Bloesch was born in Indiana in 1928. His father was a pastor in the Evangelical Synod of North America, a denomination with German and Swiss theological roots, and a close friend of Reinhold Niebuhr (1892-1971), who went on to become one of America’s most influential ‘neo-orthodox’ theologians.62 Bloesch remained in his father’s denomination, which eventually merged with others to form the United Church of Christ in 1957. After attending the denomination’s Elmhurst College, he attended Chicago Theological Seminary and then the University of Chicago Divinity School. He read works by Kierkegaard, Barth, and other modern theologians, and was especially impressed by Barth. At the same time, his involvement with InterVarsity Christian Fellowship convinced him of the need for an evangelical faith. Bloesch received his doctorate after writing a dissertation entitled “Reinhold Niebuhr’s Re-evaluation of the Apologetic Task” (1956). In his estimation Niebuhr’s approach, while it made some good criticisms of traditional apologetics, was itself too rationalistic.
The year following the completion of his doctorate, Bloesch began teaching at the University of Dubuque Theological Seminary in Iowa. Ironically, he was hired in the expectation that, as a University of Chicago graduate, he would be more liberal than Arthur C. Cochrane, a professor at Dubuque who followed Barth. Bloesch taught at Dubuque until his retirement in 1992.
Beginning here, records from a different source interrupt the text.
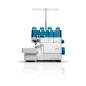 Couteau inférieur PFAFF Admire Air 5000 réf 31/85/1021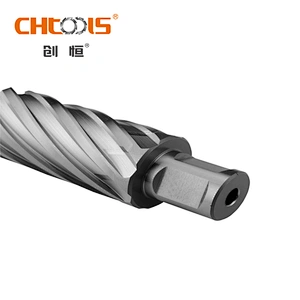 Manufacturer Various Sizes HSS Drill Bit with Weldon Shank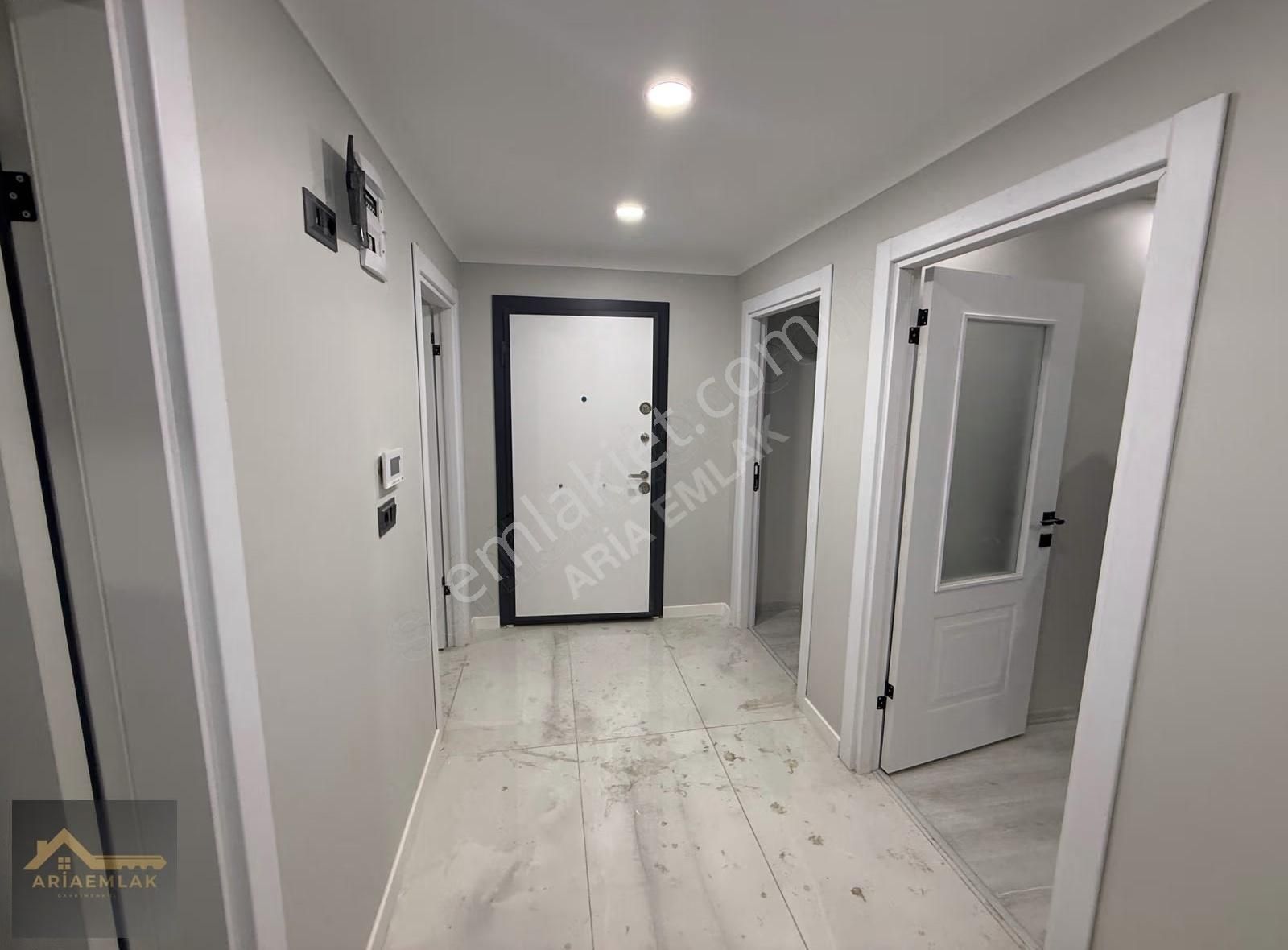 Aria Emlak'dan Sıfır 2+1 Millet Cad Üzerinde 95m2 Daire - Görsel 19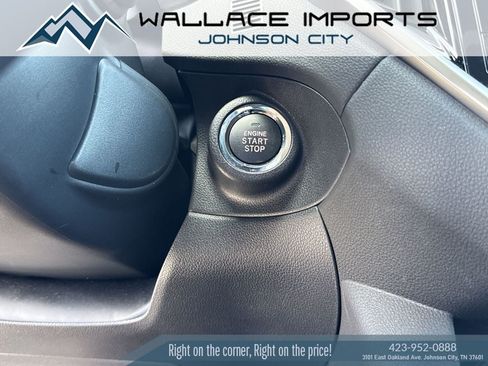 Certified 2025 Subaru Ascent Limited w/ Popular Package #2 AWD/4WD image 23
Bloesch’s writings during the 1960s focused on renewal in the church. The one notable exception was The Christian Witness in a Secular Age (1968), in which he examined the apologetic thought of nine twentieth-century theologians, beginning with Barth and including Niebuhr and other more liberal theologians.63 The concluding chapter is entitled “Beyond Apologetics: A Restatement of the Christian Witness” (120-135). As the title suggests, the approach Bloesch favors here is heavily indebted to Barth. He defines apologetics as “the attempt to make the faith plausible to the world of unbelief on the basis of a criterion held in common with unbelief” (121). He bases his rejection of such apologetics on Luther’s teaching that man is in bondage to sin (121). He quotes Barth, Calvin, and Pascal to support the conclusion that the gospel cannot be correlated with man’s searching in culture and religion (122). Again he quotes Kierkegaard and Luther in support of the assertion “that God’s truth is beyond the reach of man’s conception and perception,” even for Christians, for whom “God remains hidden even in the act of revelation” (122-23). “With Barth we contend that revelation must be proclaimed, not defended or even recommended in the sense of trying to heighten its value” (126). According to Bloesch, apologetics is “the attempt to compel a man by rational means to assent to the truth of faith” (130). In place of such “religious imperialism” he advocates “gospel evangelism,” a presentation of the message that people need to believe in Christ for salvation (130-31).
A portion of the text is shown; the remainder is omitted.